I've spent the last hour or so just looking out my window at the city below me. I love seeing the lights and the cars rushing by. This is pretty weird, but I'm not gonna lie to you; I love looking at cities all lit up at night almost as much as I love looking at hot girls. This week has been the most magical week of my entire life. The first leg of the trip kinda sucked, as staying with family in Tennessee generally does, but after that, we drove to North Carolina to meet up with my mom's boyfriend. (This one is actually legit this time, oh my god. It's a miracle, right?) That was fun because it involved eating ice cream for breakfast, time traveling an hour into the future, driving through a mountain, and passing through the town where one of the 4397438748 actresses I'm in love with lived for a while. And then we flew here to Boston. And I just can't believe it. It's finally all real. Like, it sounds weird, but even when I got my acceptance and registered to come to this school, it still didn't feel real. But now I'm really here, in a place such a stark contrast to the terrible shithole I grew up in.
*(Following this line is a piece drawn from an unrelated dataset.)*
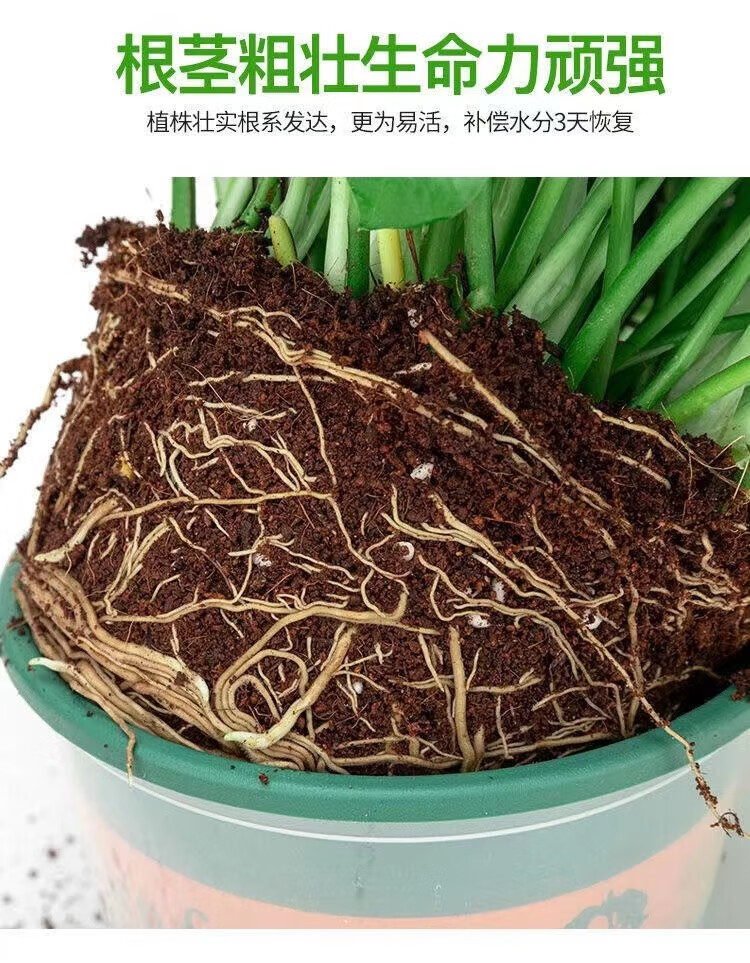 花农氏绿萝盆栽室内好养吸除甲醛净化空气水培植物绿植花卉盆栽绿箩 120绿加仑自吸水4盆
But that also means that nothing will ever be the same again. I don't know how I'm going to go back "home". I can't go back there now that I've walked down a street with anything I could ever want to do right there on it, or now that I've seen the city lights on the Charles River... or especially now that I've overheard a pretty girl on the street tell her friend, "I don't like dating girls who are hotter than me." (Seriously. It was my second night in town, and I already encountered a hot gay chick. Oh my god, please can I stay forever?) At least we aren't going straight home. We're going to be in North Carolina for a while, and although that isn't necessarily spectacular, being in a city there is much better than being "home".
Everyone who told me I'd hate it in Boston was soooo wrong. I'm in love, even with blistered feet. I can't wait for them to hear about how wrong they were.
So, orientation. I totally overslept and ran a bit late one day, but this cute girl in the lobby called my student adviser and had someone bring me to him. Super embarrassing, haha. He wasn't mad, though, thank goodness. He was really nice. In fact, all of the advisers were very nice and helpful.
I talked to a lot of people, especially on the first day, which is pretty good for me. Most of them I didn't see again, though. I didn't make any lasting friendships or anything, but I got along well with everyone in my orientation group. Really, just talking to a lot of people was a good step for me. I'm not that worried because I actually do have a friend already, but she didn't go to this orientation session. I've mentioned her before, I think. I met her on the official Facebook group last month, and we talk every day. I'm really excited to actually see her in September, but I'm kinda scared she won't think I'm as interesting in person as she does online.
I met the craziest guy, oh my god. He was great. Too bad he wasn't actually a student at my school. He was just there because his friends were helping out with the entertainment one night. At one point, he kind of named himself Shit, so that's what I'll call him, I guess, haha. I was alone, and he invited me to come talk to him, so I did. He said that I was cool, but I seemed kinda high-strung, so I should "start smoking weed and having lots of sex to mellow out a little." Although kind of appealing in theory, I don't think either of those are very likely courses of action for me at the moment, haha.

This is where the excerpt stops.